=== Source information ===
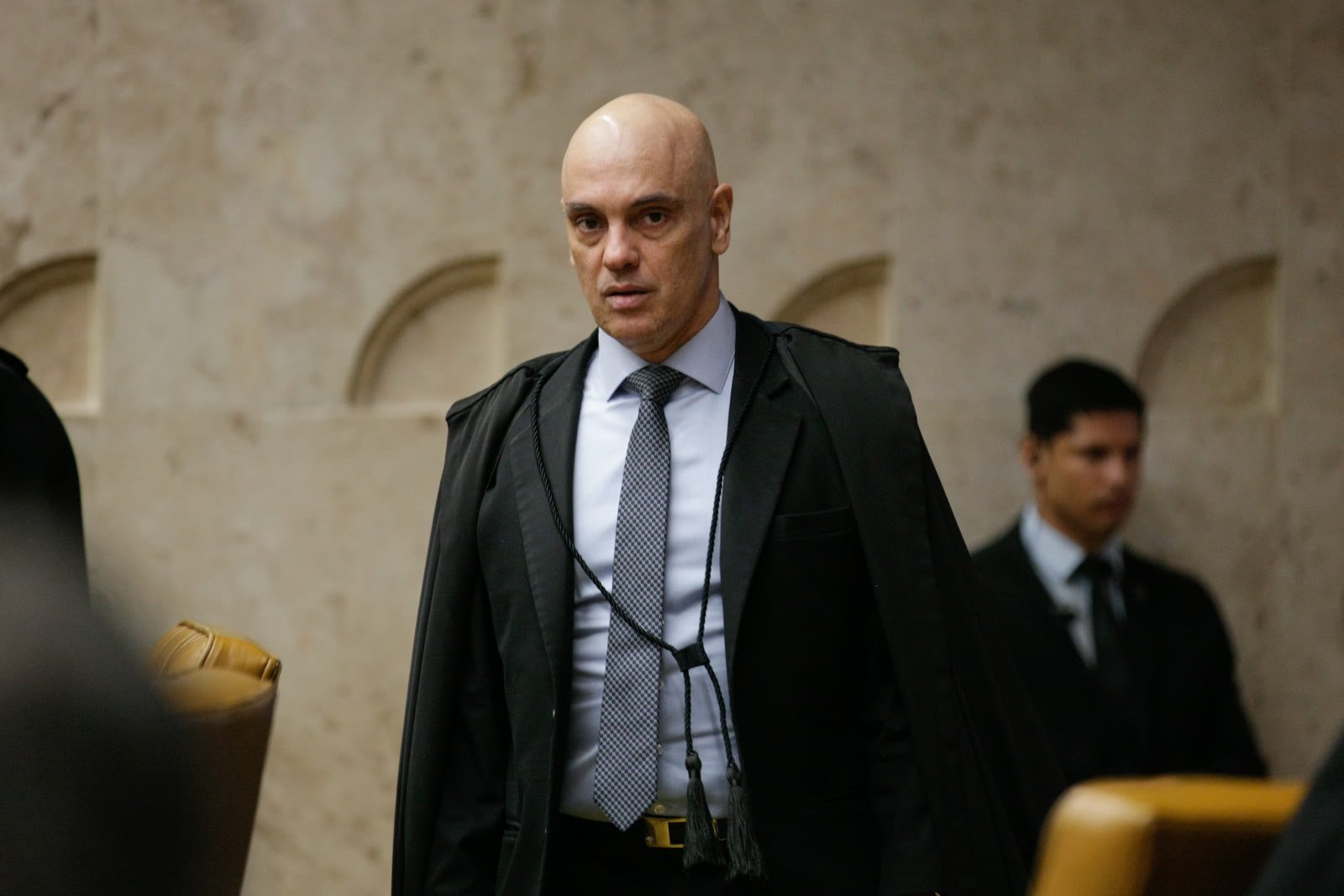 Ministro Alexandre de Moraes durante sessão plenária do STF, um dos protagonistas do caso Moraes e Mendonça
===
=== Source information ===
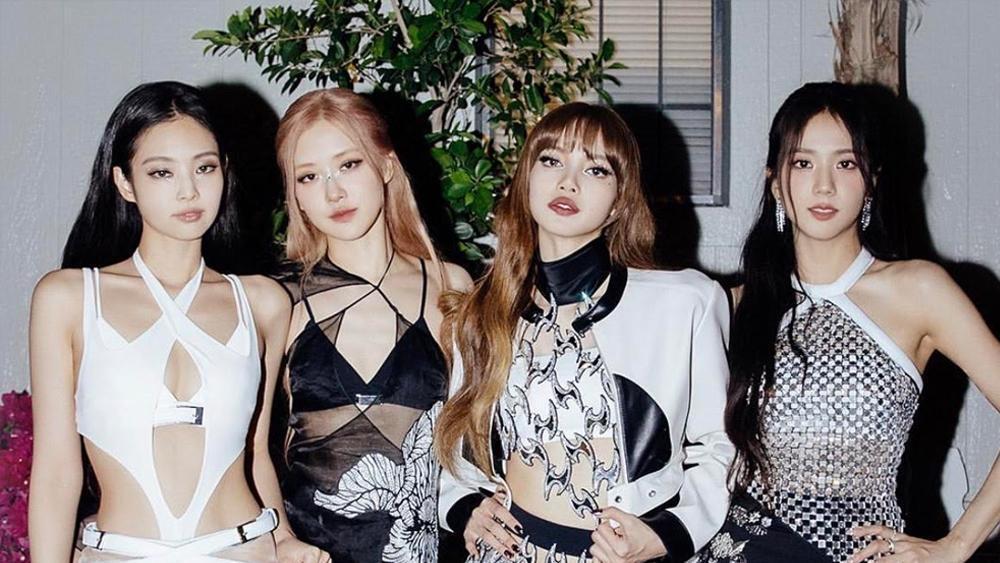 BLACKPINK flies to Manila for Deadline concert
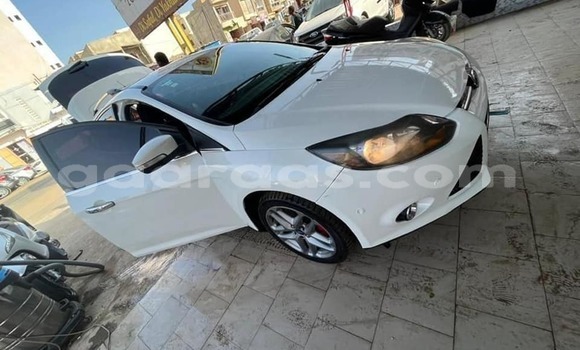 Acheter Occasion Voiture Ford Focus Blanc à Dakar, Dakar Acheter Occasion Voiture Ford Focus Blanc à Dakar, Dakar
===
=== Work to be completed ===
The answer is the lines of the material above, from the one containing "BLACKPINK flies to" down to the one containing "Acheter Occasion Voiture Ford Focus Blanc à Dakar, Dakar Acheter", given exactly and without images.

=== Result of the task ===
 BLACKPINK flies to Manila for Deadline concert
 Acheter Occasion Voiture Ford Focus Blanc à Dakar, Dakar Acheter Occasion Voiture Ford Focus Blanc à Dakar, Dakar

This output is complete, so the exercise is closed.